Top of SUPPLIED MATERIAL

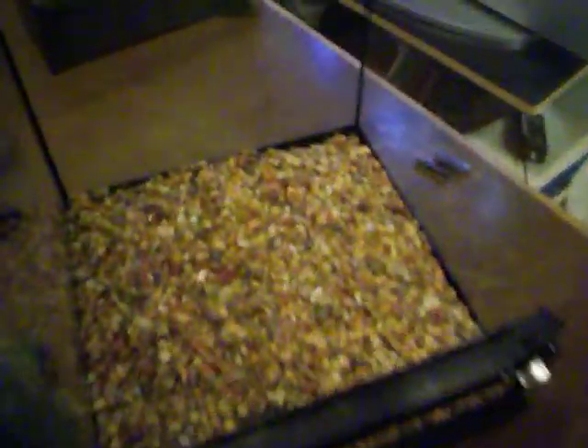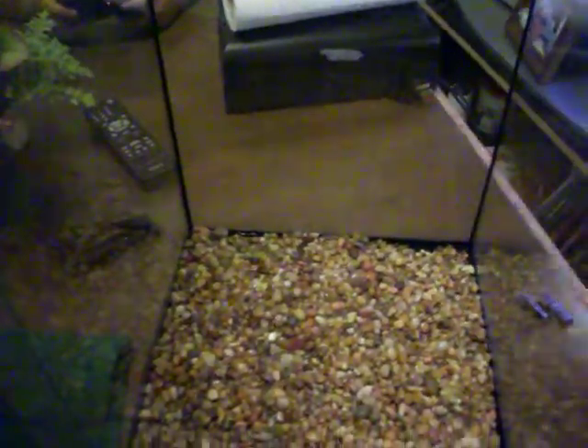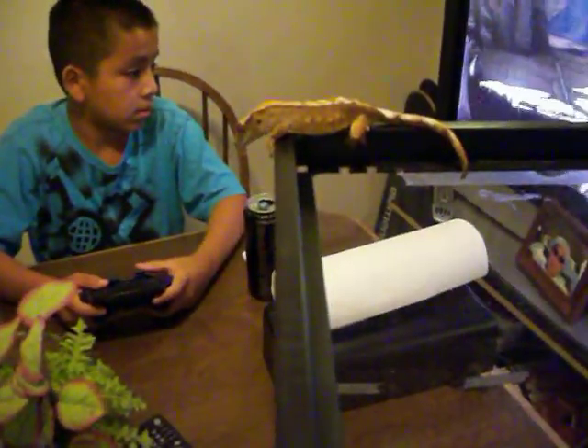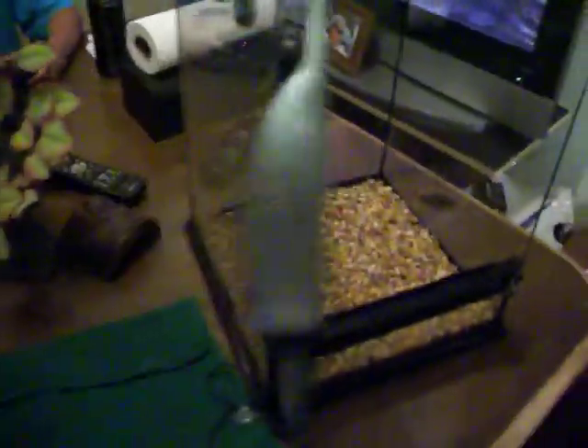I decided to put gravel at the bottom because I'm going to be using a reptile carpet. The reason why is because the carpet was getting saturated with water and that was making his environment a little too cold and kind of uncomfortable for him at night. So I'm going to put this carpet down there.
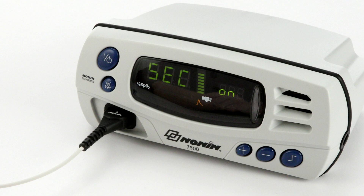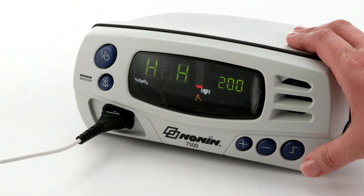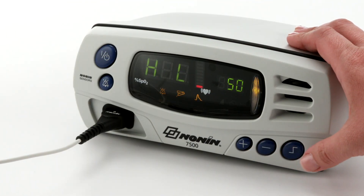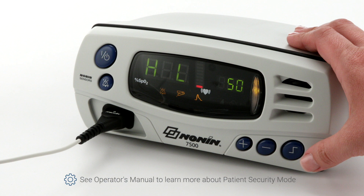When the model 7500 is turned on in patient security mode, SEC ON is displayed in the display area and three informational tones sound. The upper alarm limits are then displayed, followed by the lower alarm limits. Refer to the operator's manual to learn how to set or cancel patient security mode or reprogram settings.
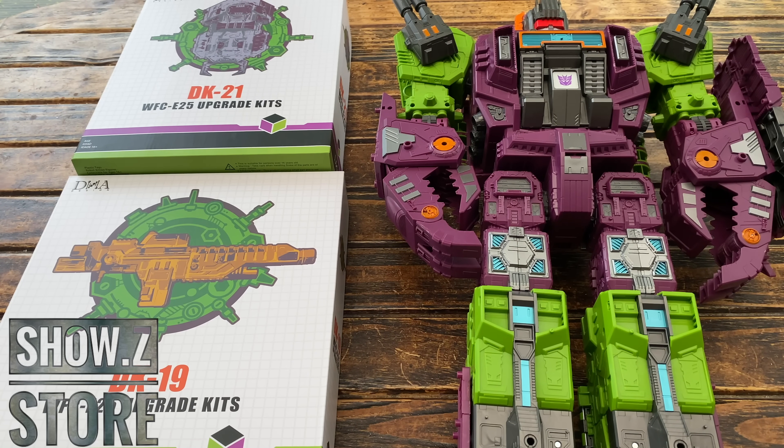To wrap up quickly — here is Scorponok fully transformed into base mode with all attachments. The gun splits into two components: the orange section tabs onto one leg and the gray section tabs onto the other side. The cannons store at the bottom — one here, one there — and the other two store the same way as the original base mode. Part of the shield now forms the ramp section at the bottom. Not many differences in base configuration; this set is mainly designed for robot mode.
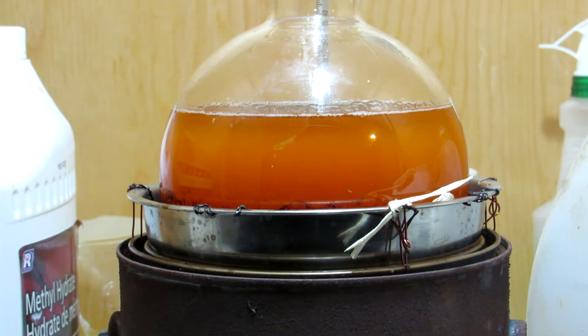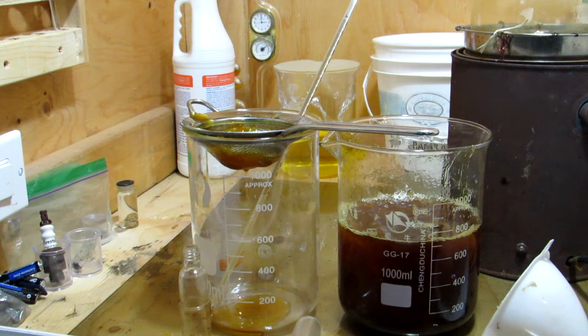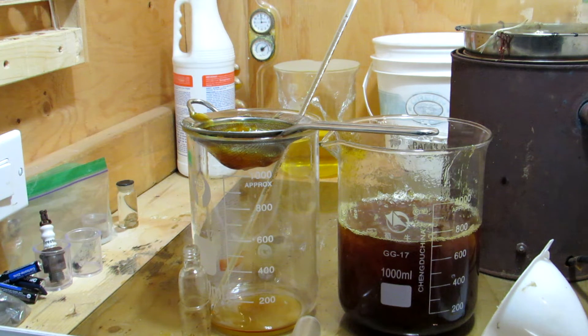The methyl esters produced can actually be used as biofuel, which is pretty cool. After an hour of heating, the heating mantle was turned off and the solution was allowed to cool. The air temperature was quite chilly, so after fully cooling, the upper methyl ester layer actually became gelatinous. This is expected as biodiesels jellify at higher temperatures than normal diesel, which is one of the challenges that biodiesel faces.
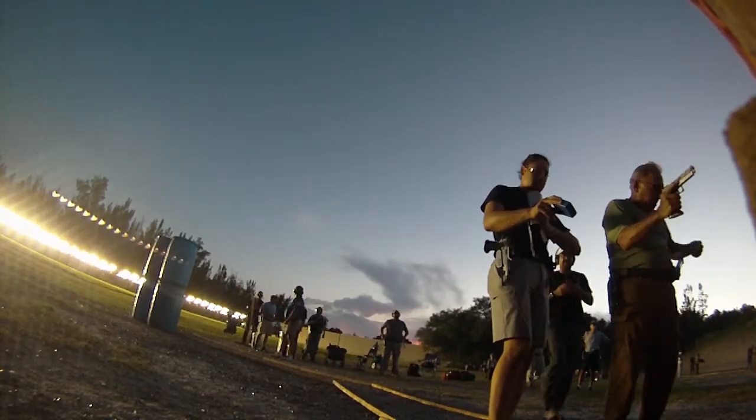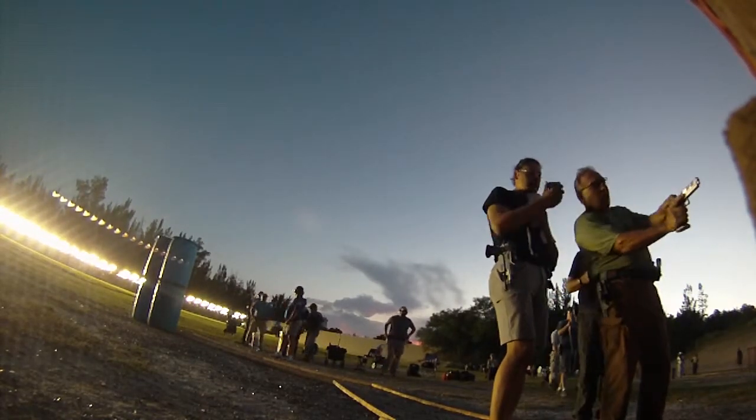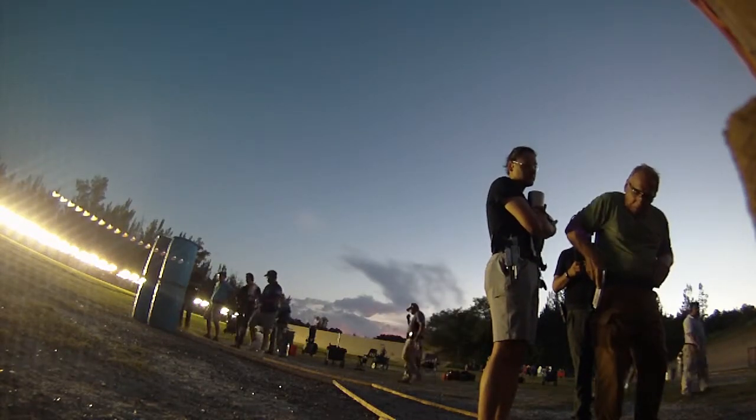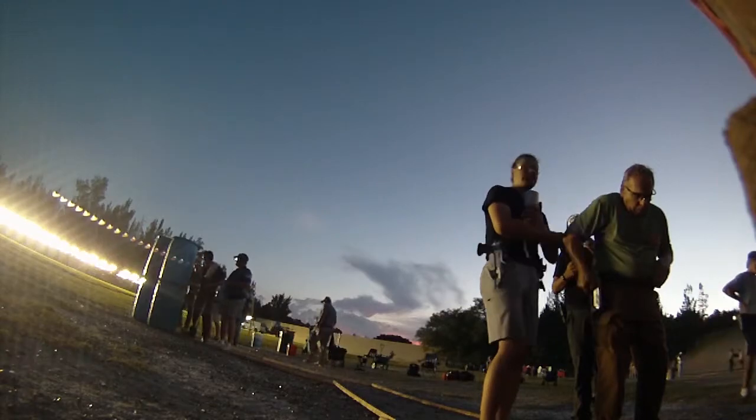Finished. I'm going to show clear. That's perfect. It's clear. Hammer down, holster. The target will tell you if you hit it or not. Yes. Range is clear. 2,752.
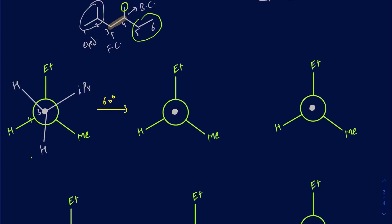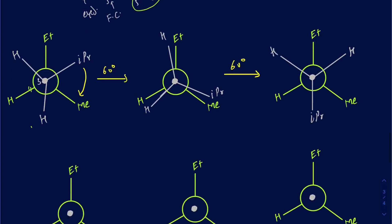The back carbon stays the same throughout. When you rotate 60 degrees, the isopropyl group moves to be on top of the methyl group. So IPR goes right there, with one hydrogen here and the other hydrogen there. Continuing another 60-degree rotation gives the next conformation — isopropyl right there, one hydrogen here, and the other hydrogen there.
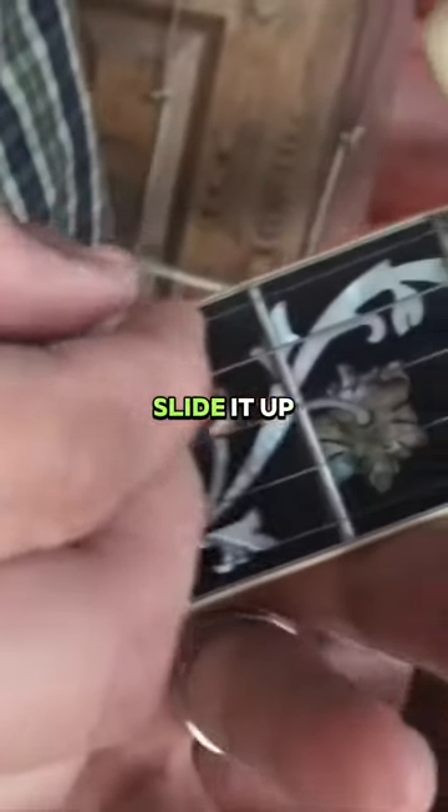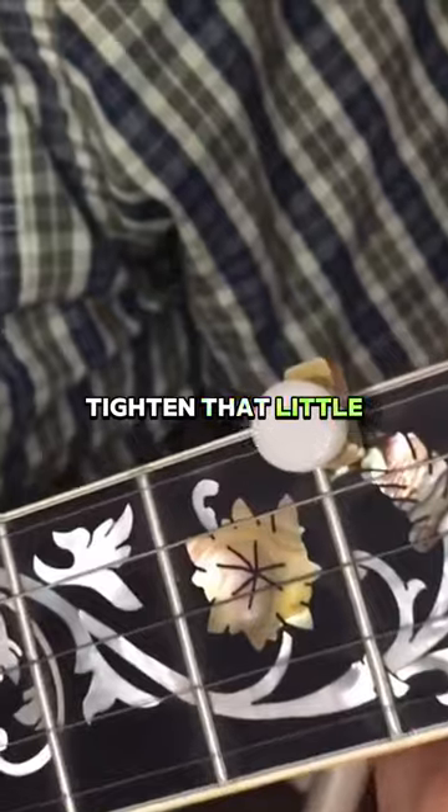Simply put it on the string down here, slide it up to where you want it to hold the string, and you just tighten that little set screw.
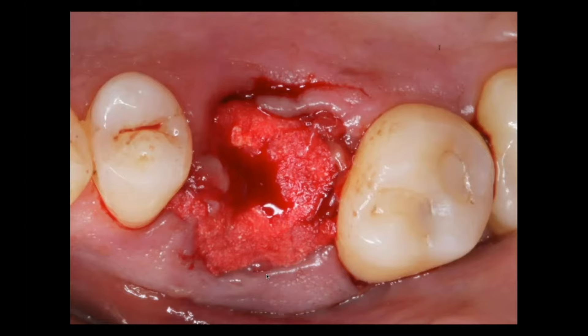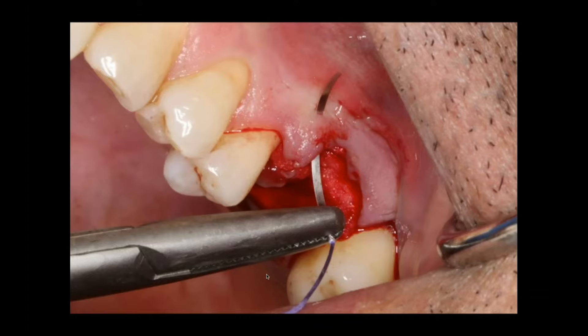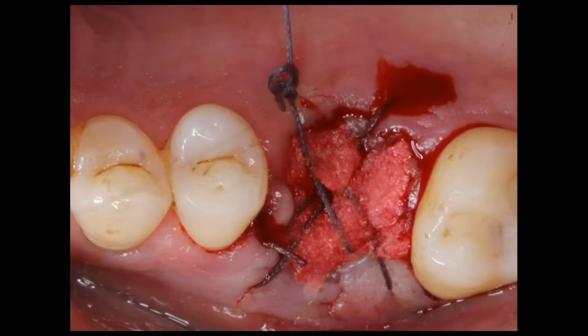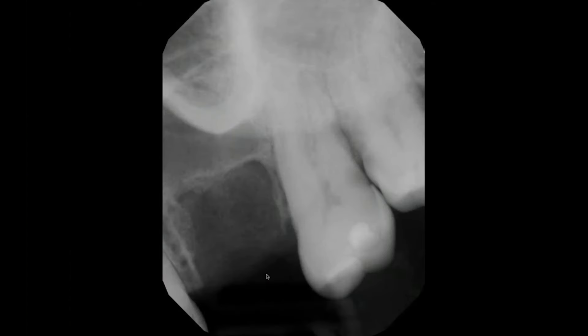I'm going to pack this material firmly — we're not crushing it, it's not amalgam — but I want to pack the material firmly to the crest of the ridge. There's no membrane involved here, so I'll just put a couple of simple interrupted sutures. I'm taking my needle, which is a reverse cutting needle, from the crest, and I'm actually penetrating through the facial tissue, eliminating grabbing onto the graft material. I'm going to turn the needle around and do the same thing — go from the crest of the socket to the palatal — and simply do some cross-sutures to maintain that graft material into the site.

Bottom of SUPPLIED MATERIAL

### INSTRUCTIONS FOR THE TASK
Set down word for word the lines above from the one with "The methyl esters" up to and including the one with "Simply put it". Omit every picture.

### WRITTEN ANSWER
The methyl esters produced can actually be used as biofuel, which is pretty cool. After an hour of heating, the heating mantle was turned off and the solution was allowed to cool. The air temperature was quite chilly, so after fully cooling, the upper methyl ester layer actually became gelatinous. This is expected as biodiesels jellify at higher temperatures than normal diesel, which is one of the challenges that biodiesel faces.
Finished. I'm going to show clear. That's perfect. It's clear. Hammer down, holster. The target will tell you if you hit it or not. Yes. Range is clear. 2,752.
The back carbon stays the same throughout. When you rotate 60 degrees, the isopropyl group moves to be on top of the methyl group. So IPR goes right there, with one hydrogen here and the other hydrogen there. Continuing another 60-degree rotation gives the next conformation — isopropyl right there, one hydrogen here, and the other hydrogen there.
Simply put it on the string down here, slide it up to where you want it to hold the string, and you just tighten that little set screw.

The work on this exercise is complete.